The act of paying lip service while concealing secret opposition

Saturday, August 27th, 2022

A fellow traveler quipped that it must be a credit to our ketman that we have survived this long, and I was shocked to realize that I’d never mentioned the term on this blog:

The Captive Mind was written soon after the author’s defection from Stalinist Poland in 1951. In it, Milosz drew upon his experiences as an illegal author during the Nazi Occupation and of being a member of the ruling class of the postwar People’s Republic of Poland. The book attempts to explain the allure of Stalinism to intellectuals, its adherents’ thought processes, and the existence of both dissent and collaboration within the postwar Soviet Bloc.
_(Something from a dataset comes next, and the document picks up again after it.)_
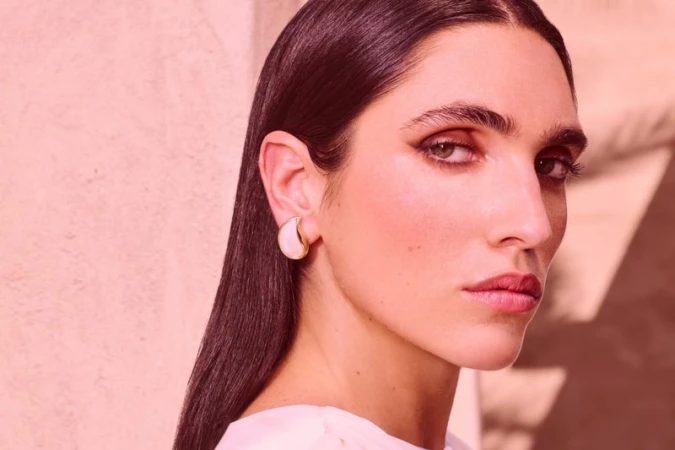 Close-up portrait of a woman with elegant makeup and sleek dark hair, wearing a statement earring, against a soft pink backdrop.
Milosz described that he wrote the book “under great inner conflict”.

Chapter I: The Pill of Murti-Bing
The book begins with a discussion of the dystopian novel Insatiability by Stanislaw Ignacy Witkiewicz. In the novel, a new Mongol Empire conquers Poland and introduces Murti-Bing pills as a cure for independent thought. At first, the pills create contentment and blind obedience, but ultimately lead those taking them to develop dual personalities. Milosz compares the pills to the intellectually deadening effects of Marxism-Leninism in the USSR and the Soviet Bloc.

Chapter II: Looking to the West
Milosz describes how Western democracies were perceived with a mixture of contempt and fascination by Stalinist Central and Eastern Europe among intellectuals. Constraints put on politicians and policemen by the rule of law struck them as incomprehensible and inferior to the police states of the Communist world. Milosz noted, however, that the same intellectuals who denounced Western consumerism in print would often read Western literature in search of something more worthy than in books published behind the Iron Curtain.

Chapter III: Ketman
This chapter draws upon the writings of Arthur de Gobineau, a 19th-century French diplomat assigned to present-day Iran. In his Religions and Philosophies of Central Asia, Gobineau describes the practice of Ketman, the act of paying lip service to Islam while concealing secret opposition. Describing the practice as widespread throughout the Islamic World, Gobineau quotes one of his informants as saying, “There is not a single true Moslem in Persia.” Gobineau further describes the use of Ketman to secretly spread heterodox views to people who believe that they are being taught Islamic orthodoxy.

Comments

  1. James James says:

    Moldbug covers Milosz. A more “correct” transliteration is “kitman” but neither appear in the dictionaries.